If two's company, and three's a crowd, then whats four and five ?

Can you make the below equation true by using any three numbers from "1, 3, 5, 7, 9, 11, 13 and 15"?

( ) + ( ) + ( ) = 30

There were two grandmothers and their two granddaughters.
There were two husbands and their two wives.
There were two fathers and their two daughters.
There were two mothers and their two sons.
There were two maidens and their two mothers.
There were two sisters and their two brothers.
Yet there are only six, who are buried here,
All are born legitimate and relationships clear.
How can this happen?

They came out at night, without being called.
They lost at day, without being stolen.
Who are they?

If 24H in a D => 24 hours in a day.
What does "64S on CB" stand for?

A number with an interesting property:

When I divide it by 2, the remainder is 1.
When I divide it by 3, the remainder is 2.
When I divide it by 4, the remainder is 3.
When I divide it by 5, the remainder is 4.
When I divide it by 6, the remainder is 5.
When I divide it by 7, the remainder is 6.
When I divide it by 8, the remainder is 7.
When I divide it by 9, the remainder is 8.
When I divide it by 10, the remainder is 9.

It's not a small number, but it's not really big, either.
When I looked for a smaller number with this property I couldn't find one.

Can you find it?

You are given four tennis balls and asked to arrange those balls in a manner that the distance between each one of them is exactly equal. How will you do it?
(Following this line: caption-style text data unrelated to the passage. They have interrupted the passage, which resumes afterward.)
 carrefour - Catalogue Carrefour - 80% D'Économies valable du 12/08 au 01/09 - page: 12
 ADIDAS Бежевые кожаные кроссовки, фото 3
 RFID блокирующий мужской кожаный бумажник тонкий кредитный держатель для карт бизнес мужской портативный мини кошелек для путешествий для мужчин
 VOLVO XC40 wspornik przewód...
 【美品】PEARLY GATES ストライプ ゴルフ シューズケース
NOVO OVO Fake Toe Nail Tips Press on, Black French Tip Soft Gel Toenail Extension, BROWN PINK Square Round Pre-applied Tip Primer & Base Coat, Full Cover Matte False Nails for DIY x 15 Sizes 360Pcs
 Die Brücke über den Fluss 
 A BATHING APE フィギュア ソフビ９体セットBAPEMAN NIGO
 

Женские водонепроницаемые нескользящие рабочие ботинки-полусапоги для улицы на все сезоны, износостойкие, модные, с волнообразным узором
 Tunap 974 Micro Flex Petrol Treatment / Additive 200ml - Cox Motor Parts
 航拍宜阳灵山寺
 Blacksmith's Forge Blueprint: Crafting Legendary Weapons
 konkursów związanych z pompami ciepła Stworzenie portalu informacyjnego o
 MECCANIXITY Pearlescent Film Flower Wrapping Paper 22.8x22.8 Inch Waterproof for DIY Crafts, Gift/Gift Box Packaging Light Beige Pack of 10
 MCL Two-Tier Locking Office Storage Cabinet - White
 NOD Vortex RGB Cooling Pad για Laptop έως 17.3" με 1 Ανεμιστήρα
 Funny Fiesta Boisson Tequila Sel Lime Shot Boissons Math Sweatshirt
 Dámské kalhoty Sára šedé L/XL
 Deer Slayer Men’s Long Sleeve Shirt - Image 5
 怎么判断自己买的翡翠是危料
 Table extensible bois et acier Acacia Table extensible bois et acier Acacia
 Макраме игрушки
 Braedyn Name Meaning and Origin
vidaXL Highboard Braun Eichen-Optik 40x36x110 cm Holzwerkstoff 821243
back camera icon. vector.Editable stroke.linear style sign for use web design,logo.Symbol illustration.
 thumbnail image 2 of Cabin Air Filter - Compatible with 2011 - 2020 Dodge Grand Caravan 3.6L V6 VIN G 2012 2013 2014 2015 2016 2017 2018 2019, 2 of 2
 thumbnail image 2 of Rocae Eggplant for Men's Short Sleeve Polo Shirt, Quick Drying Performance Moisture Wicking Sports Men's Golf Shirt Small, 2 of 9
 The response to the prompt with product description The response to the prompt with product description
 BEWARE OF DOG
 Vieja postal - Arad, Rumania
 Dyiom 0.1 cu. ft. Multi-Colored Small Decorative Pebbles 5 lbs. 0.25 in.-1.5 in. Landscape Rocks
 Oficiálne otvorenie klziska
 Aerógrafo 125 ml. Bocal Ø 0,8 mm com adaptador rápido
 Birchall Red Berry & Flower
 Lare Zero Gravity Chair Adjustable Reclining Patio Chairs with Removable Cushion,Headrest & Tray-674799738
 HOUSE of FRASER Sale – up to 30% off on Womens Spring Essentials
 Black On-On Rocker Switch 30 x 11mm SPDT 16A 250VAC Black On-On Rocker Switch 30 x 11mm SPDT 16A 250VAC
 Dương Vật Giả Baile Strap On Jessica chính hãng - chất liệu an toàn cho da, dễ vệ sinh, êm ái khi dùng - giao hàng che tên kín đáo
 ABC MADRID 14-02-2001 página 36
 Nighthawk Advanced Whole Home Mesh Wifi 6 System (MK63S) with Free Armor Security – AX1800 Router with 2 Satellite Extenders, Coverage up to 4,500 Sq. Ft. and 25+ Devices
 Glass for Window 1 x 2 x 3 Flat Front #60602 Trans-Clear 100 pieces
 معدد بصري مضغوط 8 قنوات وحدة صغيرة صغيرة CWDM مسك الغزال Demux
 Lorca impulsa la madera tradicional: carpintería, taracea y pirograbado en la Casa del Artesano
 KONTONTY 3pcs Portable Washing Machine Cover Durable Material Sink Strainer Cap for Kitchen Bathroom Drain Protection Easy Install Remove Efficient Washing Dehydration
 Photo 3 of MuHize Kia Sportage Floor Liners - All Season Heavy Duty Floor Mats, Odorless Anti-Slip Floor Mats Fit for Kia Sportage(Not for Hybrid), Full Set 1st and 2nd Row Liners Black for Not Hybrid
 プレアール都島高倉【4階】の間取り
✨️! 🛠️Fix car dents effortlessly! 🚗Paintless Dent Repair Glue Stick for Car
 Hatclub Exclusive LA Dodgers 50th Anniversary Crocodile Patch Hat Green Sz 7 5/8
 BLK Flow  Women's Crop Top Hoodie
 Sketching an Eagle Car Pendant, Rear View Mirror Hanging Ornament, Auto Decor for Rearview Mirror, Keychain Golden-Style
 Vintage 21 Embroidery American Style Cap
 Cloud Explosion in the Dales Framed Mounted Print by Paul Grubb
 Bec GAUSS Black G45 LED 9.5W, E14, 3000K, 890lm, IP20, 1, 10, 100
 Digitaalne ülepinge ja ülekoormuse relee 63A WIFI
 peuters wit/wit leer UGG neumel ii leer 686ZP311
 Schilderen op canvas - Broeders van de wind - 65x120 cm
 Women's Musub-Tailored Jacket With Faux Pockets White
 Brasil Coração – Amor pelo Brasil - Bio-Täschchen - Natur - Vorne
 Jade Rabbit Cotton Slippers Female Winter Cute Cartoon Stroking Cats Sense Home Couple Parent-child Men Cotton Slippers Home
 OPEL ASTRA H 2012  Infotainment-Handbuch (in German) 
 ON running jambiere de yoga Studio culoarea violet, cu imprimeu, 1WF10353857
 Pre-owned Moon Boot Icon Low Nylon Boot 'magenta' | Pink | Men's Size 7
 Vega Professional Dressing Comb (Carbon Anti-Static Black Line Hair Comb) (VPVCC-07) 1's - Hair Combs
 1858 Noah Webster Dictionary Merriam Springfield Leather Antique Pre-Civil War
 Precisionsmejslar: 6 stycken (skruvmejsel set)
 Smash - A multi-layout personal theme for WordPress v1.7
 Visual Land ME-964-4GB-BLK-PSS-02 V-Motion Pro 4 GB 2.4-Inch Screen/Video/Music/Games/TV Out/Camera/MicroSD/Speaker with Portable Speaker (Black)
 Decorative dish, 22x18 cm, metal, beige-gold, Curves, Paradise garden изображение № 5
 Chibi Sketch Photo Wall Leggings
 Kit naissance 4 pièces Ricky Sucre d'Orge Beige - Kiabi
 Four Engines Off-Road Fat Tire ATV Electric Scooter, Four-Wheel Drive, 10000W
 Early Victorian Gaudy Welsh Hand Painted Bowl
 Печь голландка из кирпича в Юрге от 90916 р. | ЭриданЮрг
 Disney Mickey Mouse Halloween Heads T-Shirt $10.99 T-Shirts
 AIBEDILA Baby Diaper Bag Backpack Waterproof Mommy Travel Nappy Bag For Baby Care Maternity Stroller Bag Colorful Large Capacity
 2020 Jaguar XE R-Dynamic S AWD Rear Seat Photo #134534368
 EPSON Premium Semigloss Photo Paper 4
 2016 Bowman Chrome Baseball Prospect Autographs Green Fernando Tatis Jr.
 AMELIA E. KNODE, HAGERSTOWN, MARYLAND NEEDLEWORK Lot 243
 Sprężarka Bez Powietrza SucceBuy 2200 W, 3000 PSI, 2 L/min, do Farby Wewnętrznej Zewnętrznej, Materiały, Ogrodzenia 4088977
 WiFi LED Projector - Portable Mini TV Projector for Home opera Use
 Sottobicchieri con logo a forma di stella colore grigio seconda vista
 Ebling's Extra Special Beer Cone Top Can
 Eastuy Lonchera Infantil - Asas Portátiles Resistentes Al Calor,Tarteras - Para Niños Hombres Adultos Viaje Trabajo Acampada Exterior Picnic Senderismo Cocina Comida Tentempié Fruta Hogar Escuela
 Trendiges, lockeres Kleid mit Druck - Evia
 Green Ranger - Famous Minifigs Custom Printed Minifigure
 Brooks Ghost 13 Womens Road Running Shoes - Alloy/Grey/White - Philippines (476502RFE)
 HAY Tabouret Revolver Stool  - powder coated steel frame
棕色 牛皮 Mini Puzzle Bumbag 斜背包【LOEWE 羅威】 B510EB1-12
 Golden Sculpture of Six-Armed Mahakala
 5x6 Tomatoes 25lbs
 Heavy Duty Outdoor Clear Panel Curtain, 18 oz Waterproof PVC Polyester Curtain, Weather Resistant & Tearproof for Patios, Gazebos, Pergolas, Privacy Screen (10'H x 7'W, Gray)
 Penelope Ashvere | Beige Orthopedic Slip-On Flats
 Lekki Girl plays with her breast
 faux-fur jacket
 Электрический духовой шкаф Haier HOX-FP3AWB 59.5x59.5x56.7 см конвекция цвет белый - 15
Which country gets ill every time?

By using all numbers, i.e. 123456789 and subtraction/addition, operators number 100 can be formed in many ways.
Example: 98 + 7 + 6 - 5 - 4 - 3 + 2 - 1 = 100

But if we add a condition use of the number 32 is a must. Then there are limited solutions.
One of such solution is: 9 - 8 + 76 + 54 - 32 + 1 = 100

Can you tell me any other solution?

Can you think of a smallest +ve number such that if we shuffle the digits of the number, the new number becomes double the original number?